DSK et la crise européenne

Un rebondissement totalement inattendu, l'affaire DSK, une accusation pour tentative de viol à New York à l'encontre du président du FMI, pourrait bouleverser le traitement de la crise de la dette publique européenne, et en premier lieu le cas de la Grèce bien sûr. Sans entrer dans le traitement politique ou judiciaire de cette affaire, ses répercussions sur la dette européenne ont besoin d'être évaluées. La question qui se pose est celle de la politique du FMI : va-t-elle changer avec le changement probable de son dirigeant ?
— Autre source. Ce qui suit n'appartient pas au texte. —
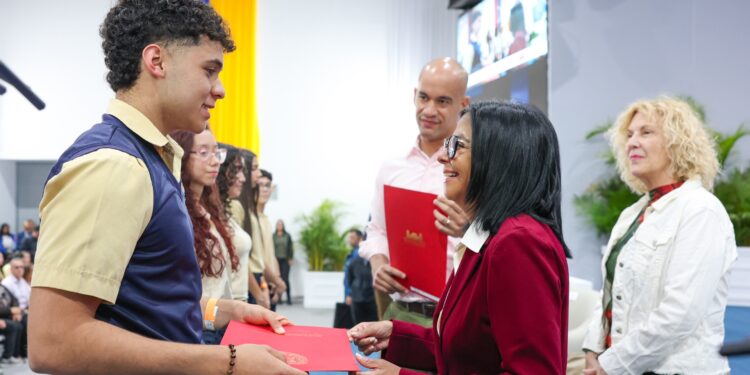 Delcy Rodríguez entrega reconocimientos al mérito académico a más de 400 bachilleres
Il est possible de craindre un durcissement de la politique du FMI, déjà relativement contraignante, si jamais la direction du FMI échappait aux européens. Ainsi, la cure d'austérité imposée par le FMI pourrait encore se renforcer en Grèce, avec le départ de Dominique Strauss-Kahn. Alors que la Grèce pourrait avoir besoin à court terme de 60 milliards supplémentaires de la part de ses confrères européens et du FMI, ce durcissement serait très malvenu. D'autant plus que les 60 milliards ne semblent être que la deuxième étape, en attendant la prochaine fin 2012. Et le Portugal ne semble pas bien loin derrière, même si sa première étape personnelle ne fait que commencer.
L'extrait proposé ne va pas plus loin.